Set the data down again, exactly as it reads, but without the pictures.
:: Data segment ::
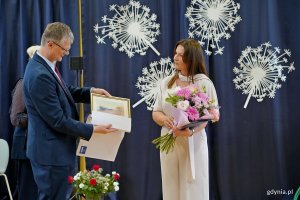 Wiceprezydent Gdyni Rafał Geremek wręczający pamiątkową akwarelę Joannie Zarzyckiej &ndash; dyrektorce Szkoły Podstawowej nr 11 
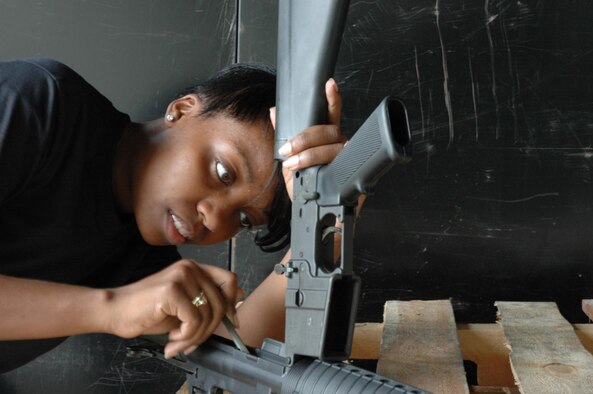 MCGUIRE AIR FORCE BASE, N.J. -- Airman 1st Class Tanile Burns is one of a handful of Air Force Reserve volunteers who recently cleaned close to a thousand weapons within one week. The mass cleaning was in part due to an annual requirement as well as partly due to preparation for an upcoming operational readiness inspection. (U.S. Air Force photo/Senior Airman William P. O'Neil, III) 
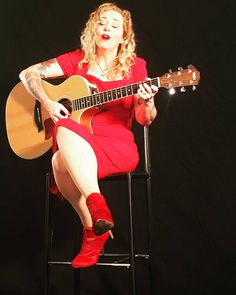 a woman sitting in a chair with a guitar on her lap and wearing red boots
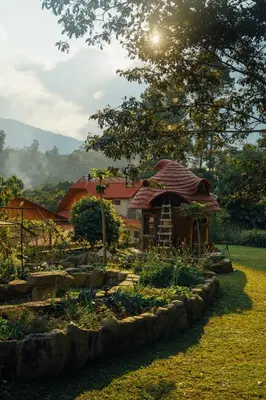 a garden with a small house in the background at Casa al lado del Bosque in Oxapampa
:::
__Written answer__:
 Wiceprezydent Gdyni Rafał Geremek wręczający pamiątkową akwarelę Joannie Zarzyckiej &ndash; dyrektorce Szkoły Podstawowej nr 11 
 MCGUIRE AIR FORCE BASE, N.J. -- Airman 1st Class Tanile Burns is one of a handful of Air Force Reserve volunteers who recently cleaned close to a thousand weapons within one week. The mass cleaning was in part due to an annual requirement as well as partly due to preparation for an upcoming operational readiness inspection. (U.S. Air Force photo/Senior Airman William P. O'Neil, III) 
 a woman sitting in a chair with a guitar on her lap and wearing red boots
 a garden with a small house in the background at Casa al lado del Bosque in Oxapampa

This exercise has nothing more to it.